Key points in the minutes include:
- PRA representatives indicated that supervisory oversight would intensify over the coming weeks and months, with an active meeting programme and monitoring in place to see firms make progress in line with industry milestones.
- The lending market was noted as a more challenging area than other segments. The PRA was monitoring firms’ preparation and saw that compounded in arrears SONIA was actively being used across bi-lateral, syndicated and multi-currency deals. However, data from Q4 2020 suggested less than 20% of new commercial lending was taking place on a ‘day 1’ SONIA basis. This was not a volume that gave the PRA comfort that all firms had made the necessary preparations to meet the Q1 2021 GBP lending milestone.
- The PRA had been made aware of some firms in syndicates holding back progress by advising clients to remain on LIBOR. There was a strong message from the PRA that they would not allow these firms to act as a brake on transition. Long lead times for the necessary changes had already been accounted for through staggered milestones, with an end-Q3 2020 target of firms to actively offer alternatives ahead of ceasing GBP LIBOR issuance at end-Q1 2021.

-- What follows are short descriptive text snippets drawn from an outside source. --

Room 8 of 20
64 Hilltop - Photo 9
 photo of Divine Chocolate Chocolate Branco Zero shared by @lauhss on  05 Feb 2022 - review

- In relation to legacy contracts, the PRA’s expectation was that wherever possible all legacy LIBOR contracts would be amended to include at least a contractually robust fallback, or preferably an agreed conversion to an alternative rate no later than the end of 2021.
- Within syndicated lending markets, the PRA expected the lead arranger to proactively consult with other banks on a timeline consistent with Working Group milestones. Lead arrangers and syndicate members should make their supervisors aware if they were not receiving satisfactory engagement.
- Firms would need to ensure they considered the increasing conduct risks associated with continued offering of LIBOR products especially where liquidity in these products was likely to deteriorate. The FCA noted that moving away from LIBOR was the most effective way to mitigate conduct concerns and would challenge firms where it believed they should be doing more to shift business away from LIBOR. The FCA and the PRA would act on intelligence where syndicates were not shifting away from GBP LIBOR and the FCA had already had conversations on this with some participants of a syndicate deal that closes in Q2 2021.
- The Bank of England (BoE) highlighted that examples of multi-currency deals were already in place with a robust non-LIBOR sterling leg, demonstrating its feasibility. It was recognised that the lead bank may be booking the deal outside of the UK, but to the extent they were part of a regulated group in the UK, supervisors would take a dim view on them not following Working Group guidelines. While some differences in currency timelines were recognised, messaging from US regulators and the Alternative Reference Rates Committee had also highlighted that USD LIBOR should stop being used as soon as practicable.
- A BoE representative noted the Working Group’s messaging to date could be summarised in two tiers – that robust fallbacks should be put in place to the greatest extent possible to provide a backstop, and that ideally contracts would be actively transitioned where possible.